Ezilme sendromunun tedavisine ne kadar erken başlanırsa kurtulma şansı o denli yüksektir. O kadar ki, uzmanlar tedaviye, enkaz altındaki kişiye ulaşılır ulaşılmaz başlanması görüşündeler. “Tedavinin temel taşı olan serumla bol sıvı vermek için yaralının enkazın altından çıkarılması beklenmemelidir” diyorlar.

Depremde sağlık hizmetinin zorlukları
Prof. Mehmet Sever, doğal afetlerin öngörülmesinin çoğu kez mümkün olmadığını, bu nedenle sağlık hizmetleri açısından hazırlıklı olmak gerektiğini vurguluyor. Deprem sonrası sağlık hizmetleri planı olmazsa, en iyi niyetlerle yapılan yardım çabalarının bile yarar yerine zarara yol açabileceğini belirtiyor. 6,9 büyüklüğündeki 1988 Ermenistan depremini örnek olarak gösteriyor. 25 bin kişinin ölümüne sebep olan bu felakette, tıbbi araç gereç ve ilaç yardımının bol olmasına karşın, ezilme nedeniyle böbrekleri çalışmayan 600 kişiye yeterli yardımın yapılamadığını, 100 diyaliz makinesi olmasına rağmen ihtiyacı olan hastaların çoğuna ulaşılamadığını hatırlatıyor. Buradan alınan derslerle Dr. Sever ve arkadaşlarının Marmara depreminde birçok insanın yaşamını kurtardığını öğreniyoruz.

Ne yapmalı?
Depremi öngöremediğimize, öngörebilsek bile önleyemediğimize göre, hazırlıklı olmaktan başka çaremiz yok. İster artan kalp krizi hastalarına gereken acil tedavi, ister ezilme sendromu nedeniyle böbrekleri çalışmayan hastalara uygulanacak diyaliz, isterse depremin ortaya çıkardığı başka bir hastalık olsun, acil sağlık sorunlarıyla baş edebilmemiz için planlarımızı önceden yapmalıyız.
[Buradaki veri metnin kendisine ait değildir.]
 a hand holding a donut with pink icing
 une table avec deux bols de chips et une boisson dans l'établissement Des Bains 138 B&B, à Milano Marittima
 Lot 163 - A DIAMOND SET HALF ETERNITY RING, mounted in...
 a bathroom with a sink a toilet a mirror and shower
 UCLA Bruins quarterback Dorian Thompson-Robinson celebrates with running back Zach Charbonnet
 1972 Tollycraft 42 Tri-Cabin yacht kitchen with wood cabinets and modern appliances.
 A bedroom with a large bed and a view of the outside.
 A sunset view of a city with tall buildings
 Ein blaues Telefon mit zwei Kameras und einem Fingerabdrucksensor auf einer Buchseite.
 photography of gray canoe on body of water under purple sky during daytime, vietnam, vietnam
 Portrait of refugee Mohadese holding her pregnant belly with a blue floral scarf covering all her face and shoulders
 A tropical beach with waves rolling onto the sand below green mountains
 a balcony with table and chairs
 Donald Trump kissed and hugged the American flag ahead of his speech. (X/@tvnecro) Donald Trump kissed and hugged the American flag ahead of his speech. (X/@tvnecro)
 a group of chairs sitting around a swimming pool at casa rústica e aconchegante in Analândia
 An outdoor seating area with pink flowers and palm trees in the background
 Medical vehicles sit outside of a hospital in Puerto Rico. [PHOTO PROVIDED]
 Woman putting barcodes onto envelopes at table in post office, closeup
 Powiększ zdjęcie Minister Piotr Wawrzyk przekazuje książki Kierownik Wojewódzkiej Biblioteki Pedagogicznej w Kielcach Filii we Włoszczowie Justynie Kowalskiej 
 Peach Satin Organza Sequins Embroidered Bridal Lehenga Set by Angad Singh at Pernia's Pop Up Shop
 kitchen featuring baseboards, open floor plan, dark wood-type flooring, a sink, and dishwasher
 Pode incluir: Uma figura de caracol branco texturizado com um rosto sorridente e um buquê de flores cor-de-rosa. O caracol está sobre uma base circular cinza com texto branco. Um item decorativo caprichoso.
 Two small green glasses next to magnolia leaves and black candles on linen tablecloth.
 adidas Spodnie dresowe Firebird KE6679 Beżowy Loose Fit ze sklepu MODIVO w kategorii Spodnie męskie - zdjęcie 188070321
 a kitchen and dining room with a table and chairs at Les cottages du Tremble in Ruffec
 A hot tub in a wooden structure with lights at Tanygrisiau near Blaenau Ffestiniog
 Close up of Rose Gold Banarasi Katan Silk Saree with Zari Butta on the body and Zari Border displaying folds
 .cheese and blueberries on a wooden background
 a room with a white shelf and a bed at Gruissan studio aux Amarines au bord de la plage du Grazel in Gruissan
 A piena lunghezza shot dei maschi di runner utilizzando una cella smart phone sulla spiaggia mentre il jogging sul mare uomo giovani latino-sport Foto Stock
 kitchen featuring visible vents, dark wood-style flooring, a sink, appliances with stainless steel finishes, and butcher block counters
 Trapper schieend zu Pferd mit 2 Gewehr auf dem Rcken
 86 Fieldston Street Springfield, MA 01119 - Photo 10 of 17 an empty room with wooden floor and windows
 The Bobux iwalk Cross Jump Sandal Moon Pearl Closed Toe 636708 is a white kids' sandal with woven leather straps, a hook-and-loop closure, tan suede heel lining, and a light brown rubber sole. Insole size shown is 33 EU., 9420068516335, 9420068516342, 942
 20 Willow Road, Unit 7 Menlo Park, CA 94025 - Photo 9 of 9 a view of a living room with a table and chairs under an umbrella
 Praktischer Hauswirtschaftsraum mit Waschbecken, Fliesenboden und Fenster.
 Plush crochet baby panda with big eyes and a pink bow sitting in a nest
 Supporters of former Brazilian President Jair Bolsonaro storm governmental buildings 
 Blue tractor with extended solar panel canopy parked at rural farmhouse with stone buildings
Dertlerine acil çare bekleyen binler, belki onbinlere yardım ulaştırmamızın normal koşullardakinden çok zor olacağını hesaba katmalıyız. İstanbul’u veya başka büyük bir şehri etkileyecek bir depremde, yollarımızın, ulaşım araçlarımızın, hastanelerimizin ve sağlık görevlilerinin de zarar göreceğini unutmamamız gerekir. Ayrıntılı bir planlama için harcayacağımız zaman, enerji, para ve emek, günü gelince bize kat kat fazlasıyla geri dönecektir.